The reason for not obsessing about a review:
There’s no point. It is totally unrealistic to assume that all readers will like your work, any more than you like every book you read. So why get upset when someone says your characters are flat, your plot boring and your world poorly depicted? They give their honest opinion and for them it is true. It won’t be true for the next reader.
Believe me, you newly published writers out there: not everyone is going to like your baby, that lovely child you slaved over for years.
Some will miss the dimples and home in on the pimples instead, and yeah, your book will have pimples. No book is perfect.
Some readers just like a different kind of story entirely.
Some readers will hate the way you look at life, which will come through in your writing.
Some readers are just don’t get what you’ve written – it may be their failing, or yours.
Some will hate your writing style.
And that is true of everyone’s work. It doesn’t matter if your name is Ursula le Guin or Tolkien or Neil Gaiman, some will hate your story, others will find it boring.
So read reviews, but don’t obsess. You can even get a laugh out of the silly ones. For example, this complaint – and it was a complaint – about The Last Stormlord (which is book 1 of a trilogy):
“by the end of book one, you feel like you’re only a third of the way through the novel.”
Yep, mate. Exactly right.
And here’s the proof that obsessing is ridiculous:
As you read these excerpts, remember that each one of these is a comment about the same book, The Last Stormlord.
“The characters were cardboard.” (Good Reads reviewer)
“full of interesting characters and the central characters are likable…” (Amazon reviewer)

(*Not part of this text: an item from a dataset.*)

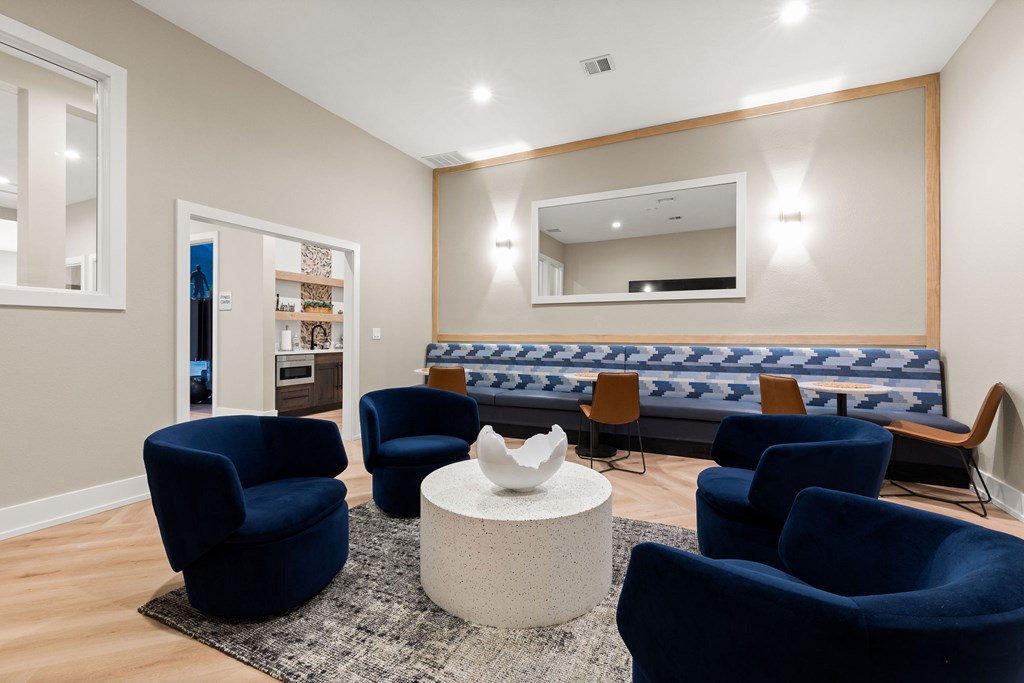 A living room with blue chairs and a white coffee table.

“the characters are predictably clichéd, the villain more so than the heroes, and the supporting cast worst of all.” (Amazon reviewer)

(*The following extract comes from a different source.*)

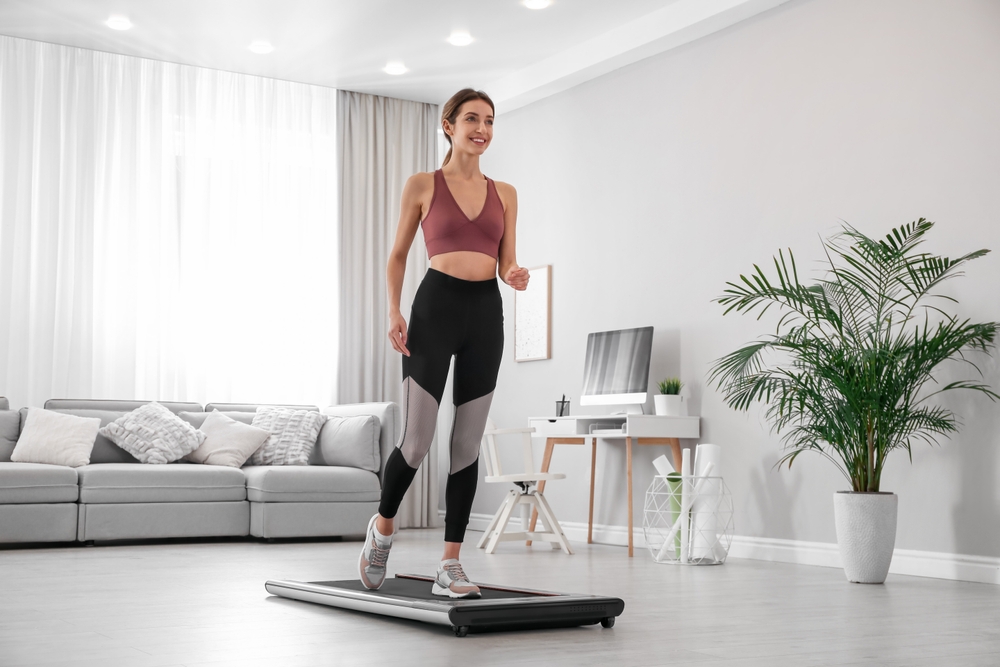 woman walking on walking pad indoors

“Larke calibrates conflicts and tensions between characters remarkably well and with subtlety.” (Online Review site)
“A lovely job is done here in showing him (Shale) growing up…” (another Online Review site)
Pacing and Plot
“A nice tight story line with no inconsistencies” (Amazon reviewer)
“This is a GREAT book” (Magazine review)
“The plot is predictable” (Good Reads reviewer)
“It is an engrossing book.“ (Same good Good Reads reviewer as comment immediately above)
“This book was long and difficult to follow.” (Amazon reviewer)
“Emotion zilch. Meh.” (Good Reads reviewer)
“I ended up staying up all night reading it once I started” (Amazon reviewer)
“Couldn’t get into it. Didn’t care about the characters or the problems.“(Good Reads reviewer)
“…even in 600 pages – no long, dull stretches of exposition. This book keeps moving and tumbling from one fantastic set-piece to another. “ (Online reviewer)
“ Wonderful setting, wonderful world building, incredible imagination and all in all a good tale.”(Good Reads reviewer)
“has created a great world here with different cultures and characters” (Amazon reviewer)
“The premise is still dumb.”(Same good Good Reads reviewer as comment immediately above)
“a great setting with an interesting magic and belief system.” (Amazon review)
“world-building is a great strength of the story”(Another newspaper review)
“I’ve visited an arid and frightening and wholly convincing land… and I’ve loved very minute of it. ” (Online Review site)
“I just couldn’t buy an entire civilization that refused to seek out new horizons, explore beyond the status quo of barely enough water to survive in a desert…” (Good Reads reviewer)
And here’s one more comment I just have to include. I don’t have a clue what it means, but it struck me as very funny:
“When I finished with the book, I honestly feared she might be more-talented version of Christopher Paolini.” (Amazon reviewer)
So, which comments am I going to obsess about, the good ones or the bad ones? Which ones am I going to believe?
My philosophy is: read them all, learn what you can, appreciate them — and don’t take any of them too seriously. Not even the good ones. More importantly, write the best novel you can, and then try to make the next one even better.